▶ _Prompt_: Please output the data exactly, without omitting anything.

▶ _Supplied data_:
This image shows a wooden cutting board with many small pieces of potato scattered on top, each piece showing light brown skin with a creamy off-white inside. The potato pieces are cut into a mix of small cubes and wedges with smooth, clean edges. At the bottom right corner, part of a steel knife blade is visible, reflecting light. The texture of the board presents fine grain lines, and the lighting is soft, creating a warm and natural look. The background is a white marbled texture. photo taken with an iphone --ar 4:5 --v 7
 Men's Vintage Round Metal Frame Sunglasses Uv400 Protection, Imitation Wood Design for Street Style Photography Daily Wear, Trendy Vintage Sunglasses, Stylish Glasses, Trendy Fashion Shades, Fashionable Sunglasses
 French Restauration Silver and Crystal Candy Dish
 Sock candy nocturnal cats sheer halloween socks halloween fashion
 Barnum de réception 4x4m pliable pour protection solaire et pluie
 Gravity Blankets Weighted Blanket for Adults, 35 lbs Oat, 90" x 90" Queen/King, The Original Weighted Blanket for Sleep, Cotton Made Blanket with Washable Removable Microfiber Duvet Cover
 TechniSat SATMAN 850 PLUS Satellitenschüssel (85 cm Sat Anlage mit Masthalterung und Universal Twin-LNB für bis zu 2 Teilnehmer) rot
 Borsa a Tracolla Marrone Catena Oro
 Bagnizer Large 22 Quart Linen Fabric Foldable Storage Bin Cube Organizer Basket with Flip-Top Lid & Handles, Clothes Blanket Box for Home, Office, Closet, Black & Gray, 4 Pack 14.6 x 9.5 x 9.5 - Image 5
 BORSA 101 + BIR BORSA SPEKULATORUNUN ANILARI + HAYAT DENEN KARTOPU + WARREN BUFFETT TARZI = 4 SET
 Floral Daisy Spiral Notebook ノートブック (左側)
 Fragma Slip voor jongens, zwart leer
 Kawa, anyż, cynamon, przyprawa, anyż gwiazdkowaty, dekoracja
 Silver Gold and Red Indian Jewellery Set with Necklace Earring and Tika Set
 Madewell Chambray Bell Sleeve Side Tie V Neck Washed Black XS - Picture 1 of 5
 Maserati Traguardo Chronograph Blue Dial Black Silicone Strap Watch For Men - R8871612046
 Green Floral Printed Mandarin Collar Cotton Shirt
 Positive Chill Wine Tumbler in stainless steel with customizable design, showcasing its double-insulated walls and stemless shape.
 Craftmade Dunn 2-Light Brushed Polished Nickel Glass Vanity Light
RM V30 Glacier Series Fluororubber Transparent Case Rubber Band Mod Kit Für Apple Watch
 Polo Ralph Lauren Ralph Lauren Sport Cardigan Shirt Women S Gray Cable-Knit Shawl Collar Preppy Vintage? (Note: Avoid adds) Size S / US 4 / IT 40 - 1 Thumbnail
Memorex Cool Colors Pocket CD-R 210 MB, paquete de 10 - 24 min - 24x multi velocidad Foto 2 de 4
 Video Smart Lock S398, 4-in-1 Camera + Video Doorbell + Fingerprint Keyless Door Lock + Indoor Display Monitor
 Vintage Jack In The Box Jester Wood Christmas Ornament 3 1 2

▶ _Your response_:
This image shows a wooden cutting board with many small pieces of potato scattered on top, each piece showing light brown skin with a creamy off-white inside. The potato pieces are cut into a mix of small cubes and wedges with smooth, clean edges. At the bottom right corner, part of a steel knife blade is visible, reflecting light. The texture of the board presents fine grain lines, and the lighting is soft, creating a warm and natural look. The background is a white marbled texture. photo taken with an iphone --ar 4:5 --v 7
 Men's Vintage Round Metal Frame Sunglasses Uv400 Protection, Imitation Wood Design for Street Style Photography Daily Wear, Trendy Vintage Sunglasses, Stylish Glasses, Trendy Fashion Shades, Fashionable Sunglasses
 French Restauration Silver and Crystal Candy Dish
 Sock candy nocturnal cats sheer halloween socks halloween fashion
 Barnum de réception 4x4m pliable pour protection solaire et pluie
 Gravity Blankets Weighted Blanket for Adults, 35 lbs Oat, 90" x 90" Queen/King, The Original Weighted Blanket for Sleep, Cotton Made Blanket with Washable Removable Microfiber Duvet Cover
 TechniSat SATMAN 850 PLUS Satellitenschüssel (85 cm Sat Anlage mit Masthalterung und Universal Twin-LNB für bis zu 2 Teilnehmer) rot
 Borsa a Tracolla Marrone Catena Oro
 Bagnizer Large 22 Quart Linen Fabric Foldable Storage Bin Cube Organizer Basket with Flip-Top Lid & Handles, Clothes Blanket Box for Home, Office, Closet, Black & Gray, 4 Pack 14.6 x 9.5 x 9.5 - Image 5
 BORSA 101 + BIR BORSA SPEKULATORUNUN ANILARI + HAYAT DENEN KARTOPU + WARREN BUFFETT TARZI = 4 SET
 Floral Daisy Spiral Notebook ノートブック (左側)
 Fragma Slip voor jongens, zwart leer
 Kawa, anyż, cynamon, przyprawa, anyż gwiazdkowaty, dekoracja
 Silver Gold and Red Indian Jewellery Set with Necklace Earring and Tika Set
 Madewell Chambray Bell Sleeve Side Tie V Neck Washed Black XS - Picture 1 of 5
 Maserati Traguardo Chronograph Blue Dial Black Silicone Strap Watch For Men - R8871612046
 Green Floral Printed Mandarin Collar Cotton Shirt
 Positive Chill Wine Tumbler in stainless steel with customizable design, showcasing its double-insulated walls and stemless shape.
 Craftmade Dunn 2-Light Brushed Polished Nickel Glass Vanity Light
RM V30 Glacier Series Fluororubber Transparent Case Rubber Band Mod Kit Für Apple Watch
 Polo Ralph Lauren Ralph Lauren Sport Cardigan Shirt Women S Gray Cable-Knit Shawl Collar Preppy Vintage? (Note: Avoid adds) Size S / US 4 / IT 40 - 1 Thumbnail
Memorex Cool Colors Pocket CD-R 210 MB, paquete de 10 - 24 min - 24x multi velocidad Foto 2 de 4
 Video Smart Lock S398, 4-in-1 Camera + Video Doorbell + Fingerprint Keyless Door Lock + Indoor Display Monitor
 Vintage Jack In The Box Jester Wood Christmas Ornament 3 1 2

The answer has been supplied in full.